А в северном портовом городе напрасно ожидали вестей. В жаркий летний день еще раз собрался штаб следствия, на который прибыл из Варшавы офицер Главного управления.
— Мы этого ожидали, — сказал майор Кедровский раскачиваясь в кресле, — с тех пор, как установили несоответствие папиллярных линий в документах и два вида клея в «кеннкарте». Однако… Во время оккупации «кеннкарте» подделывали многие, но один принцип соблюдался неукоснительно: и в фальшивом удостоверении фотокарточка и отпечатки пальцев должны принадлежать тому, кто его предъявляет. Ведь это было легче всего проверить в случае провала или просто облавы. Следовательно, наш Икс, Игрек или Зет не пользовался этим документом в порядке оккупации. Он обзавелся им потом, быть может, в последние дни оккупации, так как по тем или иным соображениям хотел или был вынужден скрыть свою настоящую фамилию.
— И настоящую внешность.
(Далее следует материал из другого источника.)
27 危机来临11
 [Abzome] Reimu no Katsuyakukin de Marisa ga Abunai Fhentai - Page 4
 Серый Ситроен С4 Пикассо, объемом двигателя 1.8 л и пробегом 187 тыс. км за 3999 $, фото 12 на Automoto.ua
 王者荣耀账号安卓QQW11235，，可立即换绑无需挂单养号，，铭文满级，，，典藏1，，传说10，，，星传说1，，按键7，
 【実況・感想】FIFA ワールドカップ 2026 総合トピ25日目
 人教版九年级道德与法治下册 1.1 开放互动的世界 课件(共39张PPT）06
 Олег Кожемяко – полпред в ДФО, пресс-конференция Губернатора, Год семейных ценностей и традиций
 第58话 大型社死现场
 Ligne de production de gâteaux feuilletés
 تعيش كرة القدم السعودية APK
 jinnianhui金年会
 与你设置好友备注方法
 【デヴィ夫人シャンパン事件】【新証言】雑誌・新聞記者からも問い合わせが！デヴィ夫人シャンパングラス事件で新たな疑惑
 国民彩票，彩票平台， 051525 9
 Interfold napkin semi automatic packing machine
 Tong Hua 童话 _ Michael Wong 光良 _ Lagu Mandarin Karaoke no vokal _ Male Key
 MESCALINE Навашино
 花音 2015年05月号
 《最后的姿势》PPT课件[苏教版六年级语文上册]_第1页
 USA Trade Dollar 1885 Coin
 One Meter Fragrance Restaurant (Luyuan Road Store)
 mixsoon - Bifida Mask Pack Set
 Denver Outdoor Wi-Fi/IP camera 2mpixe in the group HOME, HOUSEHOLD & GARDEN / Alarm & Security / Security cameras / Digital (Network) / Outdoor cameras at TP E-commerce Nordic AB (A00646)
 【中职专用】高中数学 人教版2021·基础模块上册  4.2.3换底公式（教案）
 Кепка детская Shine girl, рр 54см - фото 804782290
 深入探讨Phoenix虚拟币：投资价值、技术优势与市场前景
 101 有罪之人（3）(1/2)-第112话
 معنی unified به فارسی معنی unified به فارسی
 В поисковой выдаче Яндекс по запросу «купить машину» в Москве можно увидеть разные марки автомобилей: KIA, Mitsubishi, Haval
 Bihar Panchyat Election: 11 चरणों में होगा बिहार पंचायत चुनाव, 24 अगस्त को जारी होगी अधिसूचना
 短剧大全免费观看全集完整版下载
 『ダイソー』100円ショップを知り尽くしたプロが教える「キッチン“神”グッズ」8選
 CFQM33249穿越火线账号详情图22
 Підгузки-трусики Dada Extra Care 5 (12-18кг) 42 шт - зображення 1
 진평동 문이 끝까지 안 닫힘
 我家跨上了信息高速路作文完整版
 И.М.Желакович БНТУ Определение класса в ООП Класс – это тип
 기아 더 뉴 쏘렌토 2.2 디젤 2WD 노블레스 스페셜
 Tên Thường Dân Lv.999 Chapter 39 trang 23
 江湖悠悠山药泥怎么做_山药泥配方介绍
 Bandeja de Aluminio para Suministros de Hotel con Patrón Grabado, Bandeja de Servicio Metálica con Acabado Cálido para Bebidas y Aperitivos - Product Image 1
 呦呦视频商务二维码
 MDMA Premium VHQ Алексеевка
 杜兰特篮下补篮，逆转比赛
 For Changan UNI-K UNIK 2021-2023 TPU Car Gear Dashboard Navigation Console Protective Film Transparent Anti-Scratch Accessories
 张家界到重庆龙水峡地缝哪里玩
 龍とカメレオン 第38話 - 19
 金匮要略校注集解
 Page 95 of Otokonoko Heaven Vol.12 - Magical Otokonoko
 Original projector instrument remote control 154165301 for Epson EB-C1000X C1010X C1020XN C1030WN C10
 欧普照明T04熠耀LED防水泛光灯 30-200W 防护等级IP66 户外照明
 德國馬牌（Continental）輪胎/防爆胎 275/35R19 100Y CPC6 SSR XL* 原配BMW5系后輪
Парик!
— Да, и внешность тоже. На фотокарточке в «кеннкарте» мы видим его уже в парике. Значит, он успел заблаговременно сняться в парике.
— Может, он и прежде носил парик?
— Вполне возможно.
— А как он раздобыл «кеннкарте» человека, расстрелянного в 1943 году в Станиславуве?
— Знай мы это, мы бы знали все. Надо рассуждать логически. Удостоверение личности казненного, видимо, находилось в архиве гестапо в Станиславуве. И тут возможно несколько вариантов. Либо это…
— Гестаповец! — торжествующе закричал Левандовский.
— …Либо человек, укравший документ при эвакуации гестапо.
— Не исключено, что удостоверение доехало до Германии а вернулось к нам с Запада вместе с этим человеком, — эта версия еще больше устраивала поручика.
— Нет, — возразил Кедровский. — Если бы его заслали сюда в 1947 году, все бумаги были бы у него в идеальном порядке. Специалисты не делают таких промахов с отпечатками пальцев, не говоря уже о подписи, и не оставляют на документе двух слоев клея.
— Может, он сам сфабриковал себе удостоверение…
— …И вернулся в Польшу для того, чтобы годами маскироваться? На Западе ему легче было скрываться. Нет! Я думаю, что он попросту не смог отсюда выбраться. Такие случаи бывали.
— Гипотезы, — буркнул Левандовский.
— Что же нам еще остается? Мы не нашли преступника — и потеряли жертву. Вместо одной загадки надо решать две. Уравнение с двумя неизвестными.
— В такой системе уравнений для большей точности сначала «икс» выражается «игреком». Итак, предположим, что Кошух нам известен, и пойдем назад по вещественным следам самого преступления. Заберемся как можно дальше в прошлое, поскольку сорванный парик указывает на прошлое. Прежде чем мы разыщем четвертого мужчину, который был в тот день в номере убитого, надо разобраться с тремя другими: журналистом, служащим верфи и доктором. Доводя вопрос до абсурда, следует подозревать всех троих одинаково. И искать четвертого. Попытаемся рассмотреть вблизи жизнь каждого из этих трех человек: журналиста, служащего верфи, врача…
— Но только так, чтобы не спугнуть их! Это очень важно.
— …Товарищ майор! — докладывал по телефону из управления дежурный офицер. — Вы ведете дело об убийстве в гостинице «Сьвит»? Тут гражданка одна явилась, из типографии, хочет дать показания.
— Через четверть часа буду в управлении. Пусть ждет! Пусть непременно меня дождется!
Майор проработал в милиции около пятнадцати лет, и весь его следовательский опыт свидетельствовал о том, что, если в управление в десять часов вечера приходит женщина, которая хочет дать показания, это всегда означает открытие каких-то новых фактов. Женщине больше невмоготу сохранять тайну, ей нужно поскорее снять тяжесть с души, и она прибегает в милицию именно вечером, украдкой, чтобы никто ее не заметил.